Na verdade, os artistas vivem ao lado, à margem da vida e da humanidade; é por isso que são grandes demais ou pequenos demais.

- À margem da humanidade? Então não se considera um artista?  

Não. Já tive trinta e seis profissões e estou pronto para começar outra coisa inteiramente diferente amanhã mesmo.

- E qual a sua opinião sobre Jean-Paul Sartre?
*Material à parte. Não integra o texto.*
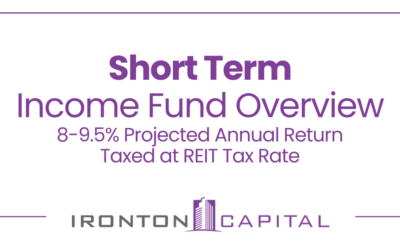 Short Term Income Fund a Brief Overview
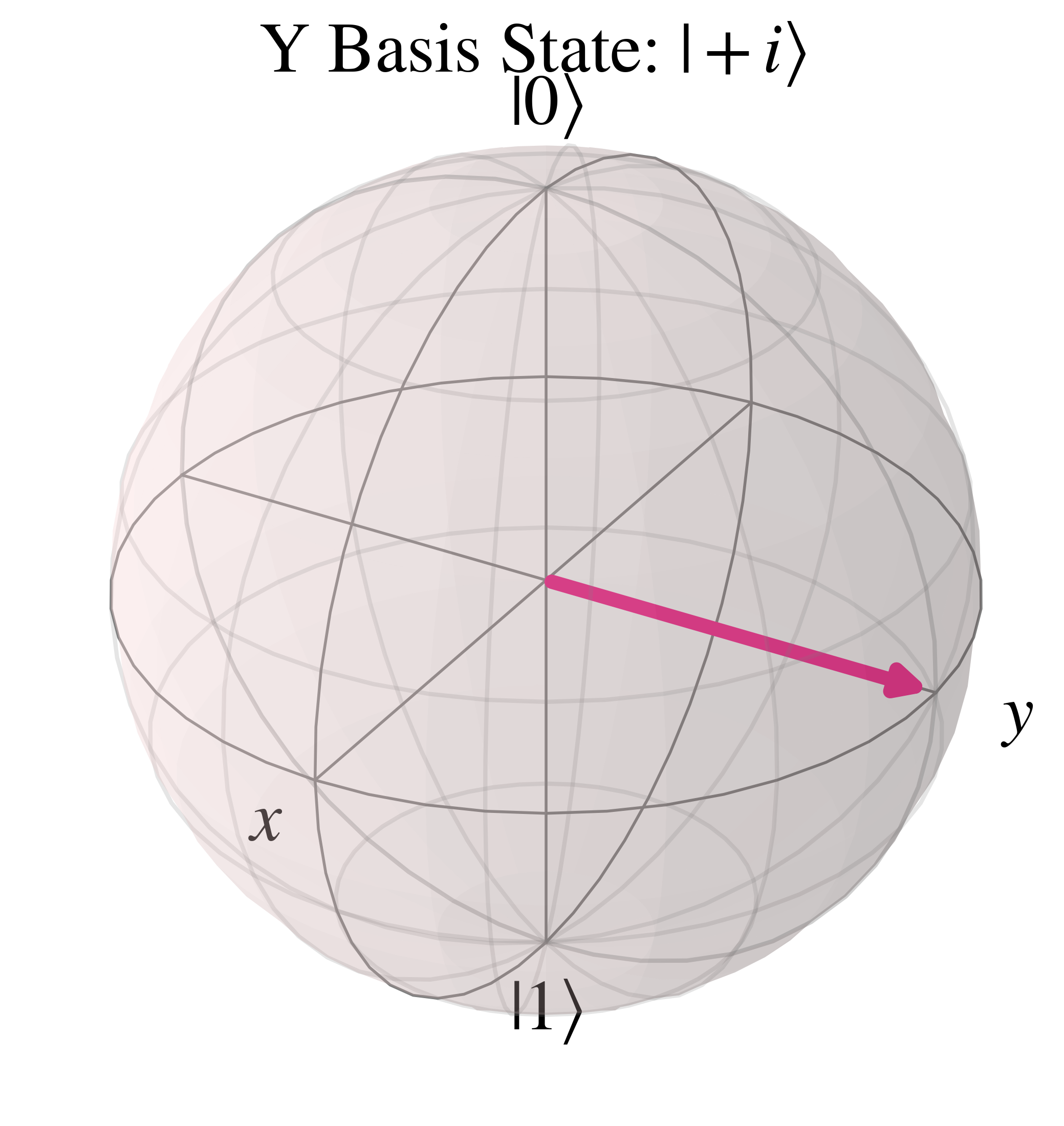 Bloch sphere in circular basis '+i' state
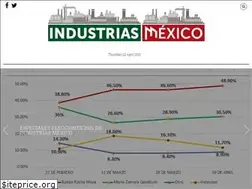 Sites similar to industriasmexico.com.mx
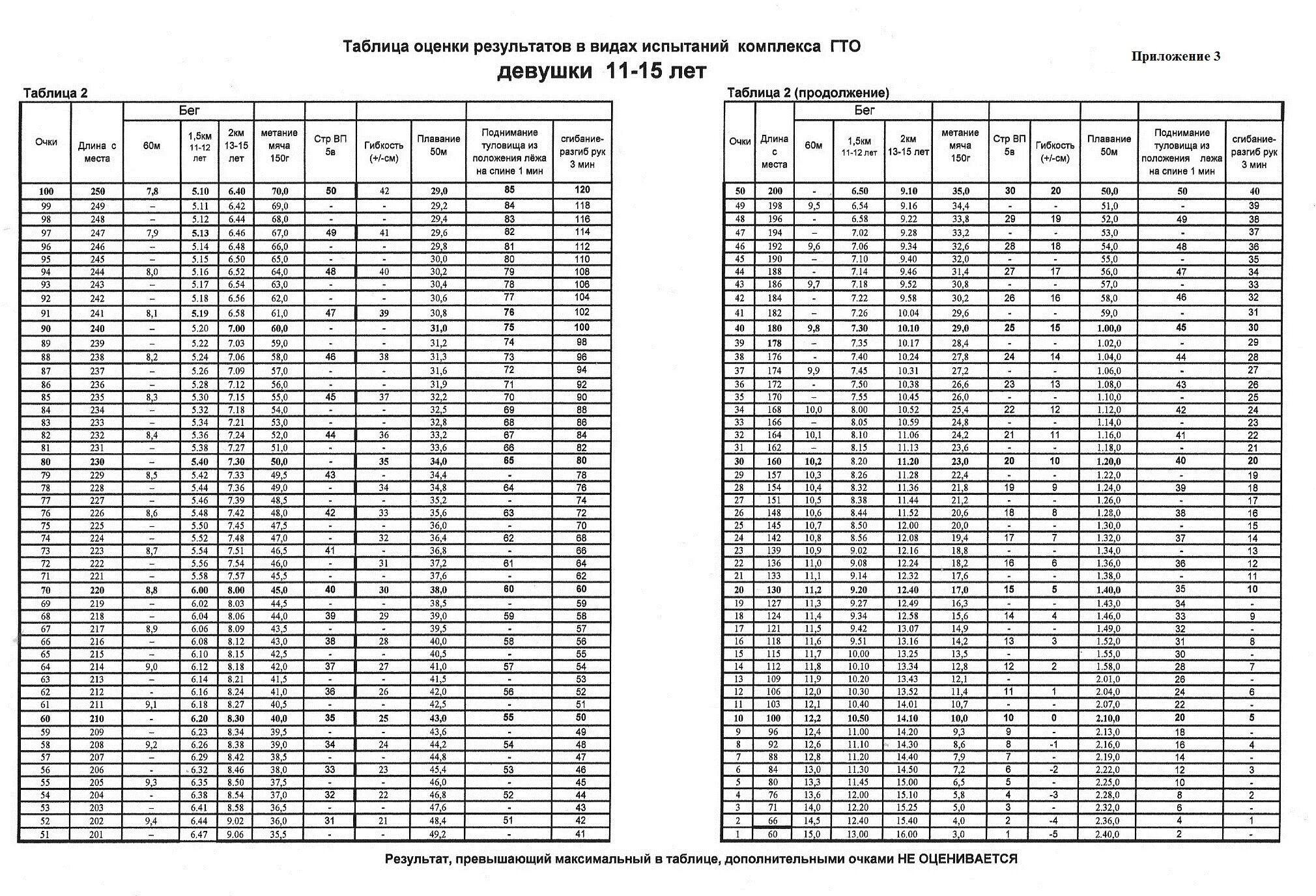 Таблица очков ГТО 4 ступень. Таблица оценки результатов ГТО. 100 Очковая таблица оценки результатов ГТО. Таблица баллов ГТО возрастные коэффициенты. Калькулятор нфп 2024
...Existencialismo? Quanto à doutrina filosófica, foi Schopenhauer quem, nos colocou em guarda contra os professores de filosofia que, depois de completar seus estudos formais, meditam, escrevem, pensam, rabiscam mani­festos - e Sartre é um professor... ...Os escritores jovens de hoje - encontrei muitos deles desde minha volta a Paris e me pergunto o que os torna especificamente existencialistas. Será por que eles se disfarçam toda noite para ir a Saint-Germain-des-Pres da mesma maneira que seus pais se vestiam toda noite para freqüentar a sociedade ou ir ao clube? Isso é um modismo que vai passar, que já passou. Não me deixo levar pelo barulho de um desfile. Mas o mundo se entedia consigo mesmo. O cinema, o radio, a televisão...  A verdade é que muito poucas pessoas sabem viver e aquelas que aceitam a vida como ela é são ainda mais raras.